STANDARD: Sieben Kandidaten stehen auf dem Stimmzettel zur Bundespräsidentenwahl – so viele wie noch nie. Wen würden Sie wählen, wenn Sie nicht selbst antreten würden?

Tassilo Wallentin: Wenn ich jemanden für wirklich geeignet halten würde, würde ich nicht antreten.

STANDARD: Sie sind als Wiener Innenstadtanwalt gut im Geschäft, hatten bis zur Bekanntgabe Ihrer Kandidatur eine wöchentliche Kolumne in der "Krone bunt". Was bewegt Sie nun, die politische Bühne zu betreten?

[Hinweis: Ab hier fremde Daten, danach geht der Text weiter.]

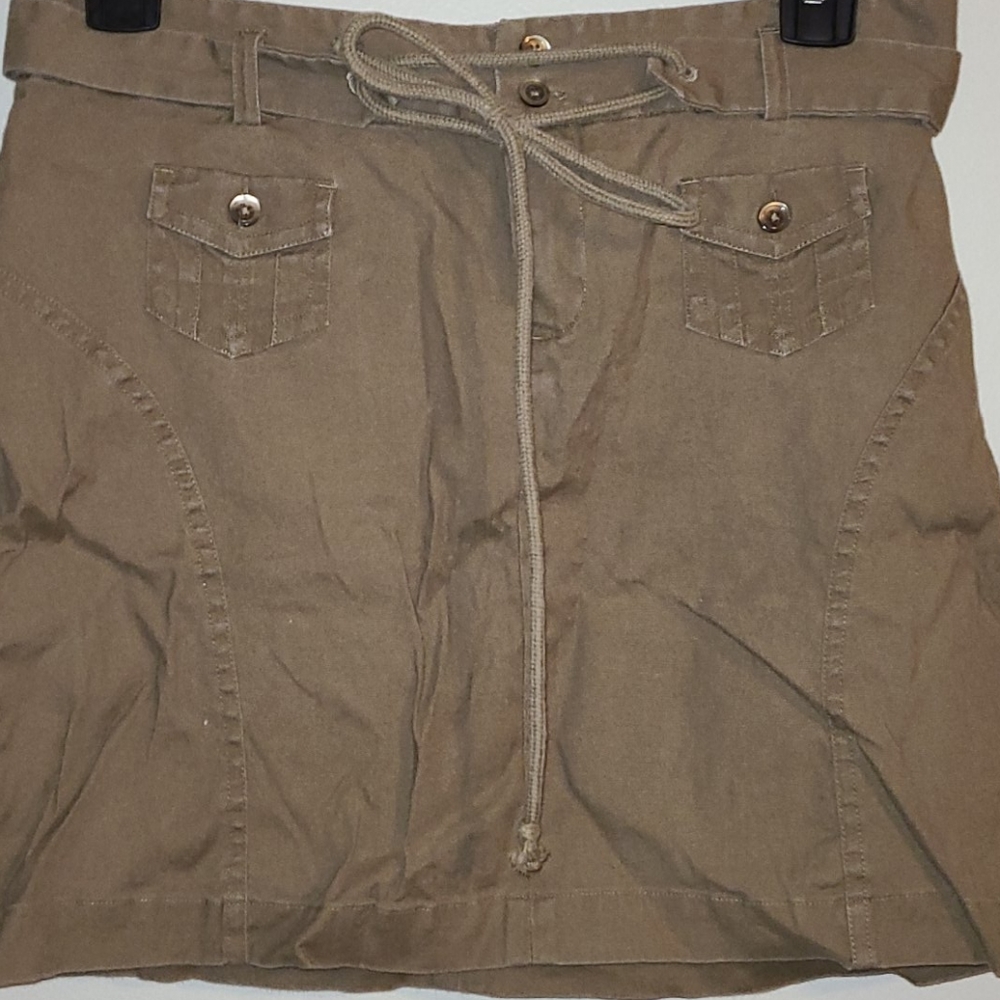 EUC Banana Republic Mini Skirt - Picture 1 of 4
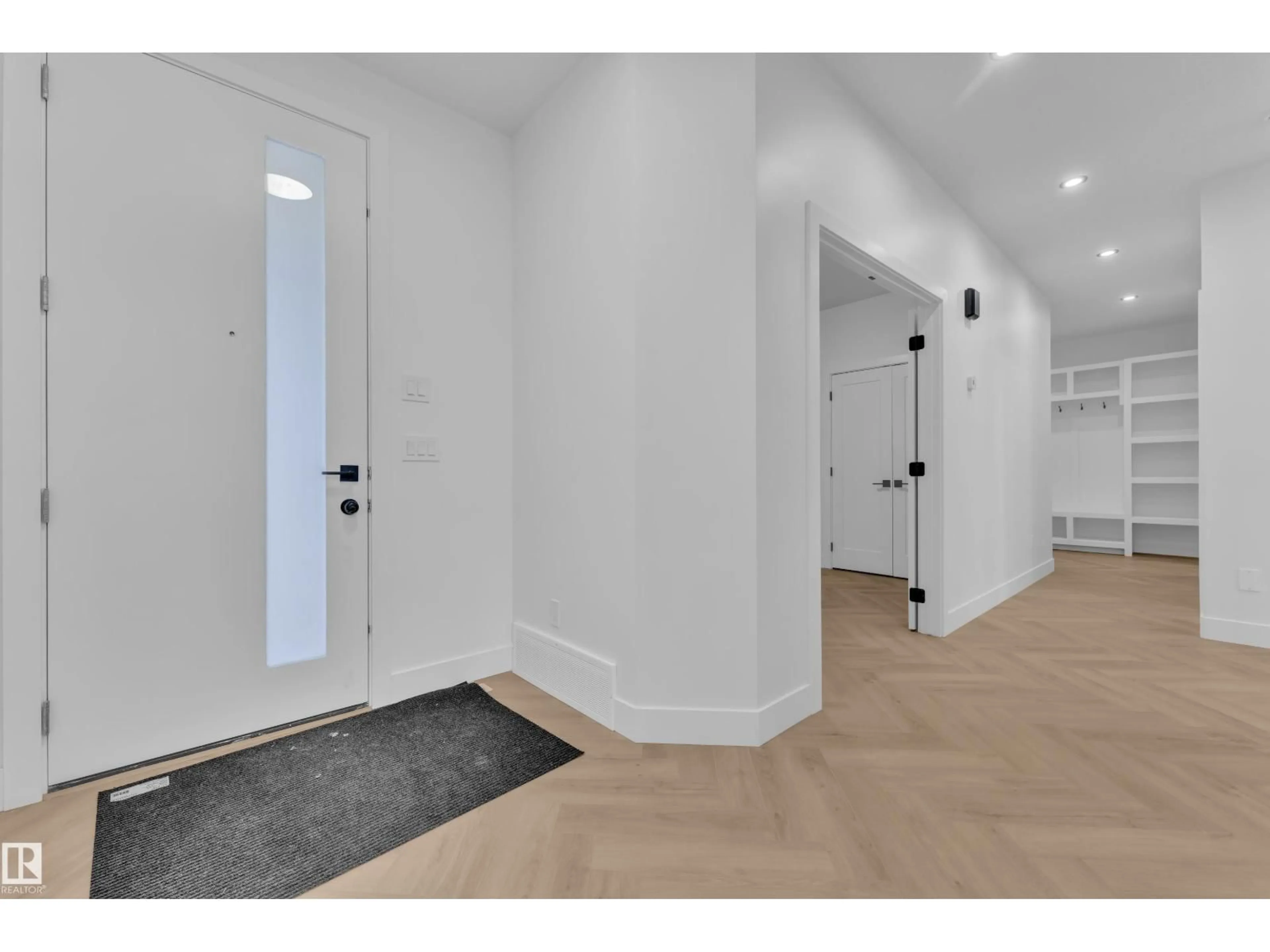 Indoor entryway for 749 ASTORIA WY, Devon Alberta T9G0M7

Wallentin: Weil wir uns in einer äußerst prekären Situation befinden. Die dringenden Probleme, vor denen wir stehen, bearbeite ich schon seit zehn Jahren intensiv. Und irgendwann steht man vor der Frage, ob man Zustände weiter beschreibt oder versucht, selbst ins Tun zu kommen. Der Beweggrund war: "Frage nicht, was Dein Land für Dich tun kann, frage, was Du für Dein Land tun kannst."

STANDARD: Wie würden Sie jemanden, der noch nie von Ihnen gehört hat, erklären, wofür Sie als Bundespräsident eintreten würden?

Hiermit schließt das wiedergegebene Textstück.